Work instructions:
Give the data again in its entirety, exactly as provided.

Supplied data:
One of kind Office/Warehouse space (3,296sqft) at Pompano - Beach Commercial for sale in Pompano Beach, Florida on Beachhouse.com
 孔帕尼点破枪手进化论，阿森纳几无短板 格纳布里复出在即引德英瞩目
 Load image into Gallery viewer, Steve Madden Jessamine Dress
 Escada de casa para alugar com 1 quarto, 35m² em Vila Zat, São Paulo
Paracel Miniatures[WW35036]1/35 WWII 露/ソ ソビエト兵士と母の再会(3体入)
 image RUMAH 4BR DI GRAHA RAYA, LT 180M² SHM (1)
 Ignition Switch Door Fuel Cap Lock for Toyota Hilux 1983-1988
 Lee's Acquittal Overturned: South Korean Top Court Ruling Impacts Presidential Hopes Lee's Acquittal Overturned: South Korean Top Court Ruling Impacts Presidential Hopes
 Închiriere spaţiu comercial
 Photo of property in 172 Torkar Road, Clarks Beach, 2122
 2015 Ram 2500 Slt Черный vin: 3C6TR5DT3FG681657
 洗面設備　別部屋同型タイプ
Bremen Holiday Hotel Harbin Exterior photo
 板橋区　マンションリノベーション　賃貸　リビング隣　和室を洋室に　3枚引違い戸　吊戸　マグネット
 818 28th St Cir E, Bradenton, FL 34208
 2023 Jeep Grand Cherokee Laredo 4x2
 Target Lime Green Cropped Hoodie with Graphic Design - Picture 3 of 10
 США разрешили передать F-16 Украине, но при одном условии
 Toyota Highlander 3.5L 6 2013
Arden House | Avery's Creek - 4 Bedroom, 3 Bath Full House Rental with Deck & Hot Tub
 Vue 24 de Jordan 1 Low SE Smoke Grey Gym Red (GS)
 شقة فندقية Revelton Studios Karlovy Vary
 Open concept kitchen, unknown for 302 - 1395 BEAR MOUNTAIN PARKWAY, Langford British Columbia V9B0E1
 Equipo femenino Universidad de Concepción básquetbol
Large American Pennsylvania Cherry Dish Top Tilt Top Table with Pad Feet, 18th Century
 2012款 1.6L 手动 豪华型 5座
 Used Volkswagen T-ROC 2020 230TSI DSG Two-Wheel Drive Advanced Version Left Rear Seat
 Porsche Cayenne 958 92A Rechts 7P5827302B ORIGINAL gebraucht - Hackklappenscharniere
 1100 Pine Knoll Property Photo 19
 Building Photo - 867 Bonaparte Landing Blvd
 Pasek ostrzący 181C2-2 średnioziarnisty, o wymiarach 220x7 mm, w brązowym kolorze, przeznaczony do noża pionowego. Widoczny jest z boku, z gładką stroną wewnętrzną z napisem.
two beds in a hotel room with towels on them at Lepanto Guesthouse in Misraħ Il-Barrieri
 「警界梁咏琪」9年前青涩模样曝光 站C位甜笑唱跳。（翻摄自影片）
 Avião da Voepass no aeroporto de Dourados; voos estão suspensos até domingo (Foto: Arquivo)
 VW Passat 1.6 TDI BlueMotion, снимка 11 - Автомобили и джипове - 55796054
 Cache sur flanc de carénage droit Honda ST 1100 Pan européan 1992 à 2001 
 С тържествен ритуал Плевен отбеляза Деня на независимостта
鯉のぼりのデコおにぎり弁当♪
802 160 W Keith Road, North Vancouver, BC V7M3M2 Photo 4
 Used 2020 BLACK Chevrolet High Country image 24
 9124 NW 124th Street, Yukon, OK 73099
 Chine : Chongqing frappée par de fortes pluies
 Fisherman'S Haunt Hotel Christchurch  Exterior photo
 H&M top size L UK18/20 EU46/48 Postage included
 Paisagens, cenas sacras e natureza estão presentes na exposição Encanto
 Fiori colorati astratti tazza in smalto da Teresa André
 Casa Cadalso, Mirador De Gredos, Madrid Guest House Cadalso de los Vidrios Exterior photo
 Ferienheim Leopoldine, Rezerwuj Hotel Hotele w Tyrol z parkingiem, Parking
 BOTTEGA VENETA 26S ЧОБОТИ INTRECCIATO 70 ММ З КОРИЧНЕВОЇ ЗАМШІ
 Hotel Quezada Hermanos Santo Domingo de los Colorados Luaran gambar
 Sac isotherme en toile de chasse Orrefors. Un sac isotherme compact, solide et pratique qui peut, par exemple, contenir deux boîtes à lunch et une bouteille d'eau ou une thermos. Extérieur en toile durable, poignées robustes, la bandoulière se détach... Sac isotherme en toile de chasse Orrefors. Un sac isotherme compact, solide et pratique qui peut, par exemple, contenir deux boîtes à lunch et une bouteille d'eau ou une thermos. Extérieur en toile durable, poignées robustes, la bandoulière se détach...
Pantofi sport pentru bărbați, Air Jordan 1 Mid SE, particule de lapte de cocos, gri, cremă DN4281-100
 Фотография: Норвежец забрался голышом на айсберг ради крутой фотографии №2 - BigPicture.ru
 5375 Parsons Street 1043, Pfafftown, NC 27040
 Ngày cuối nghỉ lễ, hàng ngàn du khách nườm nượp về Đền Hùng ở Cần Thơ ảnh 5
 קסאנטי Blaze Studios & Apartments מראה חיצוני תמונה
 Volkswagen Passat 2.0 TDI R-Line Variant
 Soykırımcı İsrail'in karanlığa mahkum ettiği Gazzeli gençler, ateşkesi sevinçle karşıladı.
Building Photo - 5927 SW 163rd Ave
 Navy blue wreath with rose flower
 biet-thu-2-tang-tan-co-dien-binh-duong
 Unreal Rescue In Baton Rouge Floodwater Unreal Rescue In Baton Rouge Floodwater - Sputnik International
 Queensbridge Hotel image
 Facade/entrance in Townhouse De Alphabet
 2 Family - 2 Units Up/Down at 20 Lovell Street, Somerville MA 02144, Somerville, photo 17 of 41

Reply to the task:
One of kind Office/Warehouse space (3,296sqft) at Pompano - Beach Commercial for sale in Pompano Beach, Florida on Beachhouse.com
 孔帕尼点破枪手进化论，阿森纳几无短板 格纳布里复出在即引德英瞩目
 Load image into Gallery viewer, Steve Madden Jessamine Dress
 Escada de casa para alugar com 1 quarto, 35m² em Vila Zat, São Paulo
Paracel Miniatures[WW35036]1/35 WWII 露/ソ ソビエト兵士と母の再会(3体入)
 image RUMAH 4BR DI GRAHA RAYA, LT 180M² SHM (1)
 Ignition Switch Door Fuel Cap Lock for Toyota Hilux 1983-1988
 Lee's Acquittal Overturned: South Korean Top Court Ruling Impacts Presidential Hopes Lee's Acquittal Overturned: South Korean Top Court Ruling Impacts Presidential Hopes
 Închiriere spaţiu comercial
 Photo of property in 172 Torkar Road, Clarks Beach, 2122
 2015 Ram 2500 Slt Черный vin: 3C6TR5DT3FG681657
 洗面設備　別部屋同型タイプ
Bremen Holiday Hotel Harbin Exterior photo
 板橋区　マンションリノベーション　賃貸　リビング隣　和室を洋室に　3枚引違い戸　吊戸　マグネット
 818 28th St Cir E, Bradenton, FL 34208
 2023 Jeep Grand Cherokee Laredo 4x2
 Target Lime Green Cropped Hoodie with Graphic Design - Picture 3 of 10
 США разрешили передать F-16 Украине, но при одном условии
 Toyota Highlander 3.5L 6 2013
Arden House | Avery's Creek - 4 Bedroom, 3 Bath Full House Rental with Deck & Hot Tub
 Vue 24 de Jordan 1 Low SE Smoke Grey Gym Red (GS)
 شقة فندقية Revelton Studios Karlovy Vary
 Open concept kitchen, unknown for 302 - 1395 BEAR MOUNTAIN PARKWAY, Langford British Columbia V9B0E1
 Equipo femenino Universidad de Concepción básquetbol
Large American Pennsylvania Cherry Dish Top Tilt Top Table with Pad Feet, 18th Century
 2012款 1.6L 手动 豪华型 5座
 Used Volkswagen T-ROC 2020 230TSI DSG Two-Wheel Drive Advanced Version Left Rear Seat
 Porsche Cayenne 958 92A Rechts 7P5827302B ORIGINAL gebraucht - Hackklappenscharniere
 1100 Pine Knoll Property Photo 19
 Building Photo - 867 Bonaparte Landing Blvd
 Pasek ostrzący 181C2-2 średnioziarnisty, o wymiarach 220x7 mm, w brązowym kolorze, przeznaczony do noża pionowego. Widoczny jest z boku, z gładką stroną wewnętrzną z napisem.
two beds in a hotel room with towels on them at Lepanto Guesthouse in Misraħ Il-Barrieri
 「警界梁咏琪」9年前青涩模样曝光 站C位甜笑唱跳。（翻摄自影片）
 Avião da Voepass no aeroporto de Dourados; voos estão suspensos até domingo (Foto: Arquivo)
 VW Passat 1.6 TDI BlueMotion, снимка 11 - Автомобили и джипове - 55796054
 Cache sur flanc de carénage droit Honda ST 1100 Pan européan 1992 à 2001 
 С тържествен ритуал Плевен отбеляза Деня на независимостта
鯉のぼりのデコおにぎり弁当♪
802 160 W Keith Road, North Vancouver, BC V7M3M2 Photo 4
 Used 2020 BLACK Chevrolet High Country image 24
 9124 NW 124th Street, Yukon, OK 73099
 Chine : Chongqing frappée par de fortes pluies
 Fisherman'S Haunt Hotel Christchurch  Exterior photo
 H&M top size L UK18/20 EU46/48 Postage included
 Paisagens, cenas sacras e natureza estão presentes na exposição Encanto
 Fiori colorati astratti tazza in smalto da Teresa André
 Casa Cadalso, Mirador De Gredos, Madrid Guest House Cadalso de los Vidrios Exterior photo
 Ferienheim Leopoldine, Rezerwuj Hotel Hotele w Tyrol z parkingiem, Parking
 BOTTEGA VENETA 26S ЧОБОТИ INTRECCIATO 70 ММ З КОРИЧНЕВОЇ ЗАМШІ
 Hotel Quezada Hermanos Santo Domingo de los Colorados Luaran gambar
 Sac isotherme en toile de chasse Orrefors. Un sac isotherme compact, solide et pratique qui peut, par exemple, contenir deux boîtes à lunch et une bouteille d'eau ou une thermos. Extérieur en toile durable, poignées robustes, la bandoulière se détach... Sac isotherme en toile de chasse Orrefors. Un sac isotherme compact, solide et pratique qui peut, par exemple, contenir deux boîtes à lunch et une bouteille d'eau ou une thermos. Extérieur en toile durable, poignées robustes, la bandoulière se détach...
Pantofi sport pentru bărbați, Air Jordan 1 Mid SE, particule de lapte de cocos, gri, cremă DN4281-100
 Фотография: Норвежец забрался голышом на айсберг ради крутой фотографии №2 - BigPicture.ru
 5375 Parsons Street 1043, Pfafftown, NC 27040
 Ngày cuối nghỉ lễ, hàng ngàn du khách nườm nượp về Đền Hùng ở Cần Thơ ảnh 5
 קסאנטי Blaze Studios & Apartments מראה חיצוני תמונה
 Volkswagen Passat 2.0 TDI R-Line Variant
 Soykırımcı İsrail'in karanlığa mahkum ettiği Gazzeli gençler, ateşkesi sevinçle karşıladı.
Building Photo - 5927 SW 163rd Ave
 Navy blue wreath with rose flower
 biet-thu-2-tang-tan-co-dien-binh-duong
 Unreal Rescue In Baton Rouge Floodwater Unreal Rescue In Baton Rouge Floodwater - Sputnik International
 Queensbridge Hotel image
 Facade/entrance in Townhouse De Alphabet
 2 Family - 2 Units Up/Down at 20 Lovell Street, Somerville MA 02144, Somerville, photo 17 of 41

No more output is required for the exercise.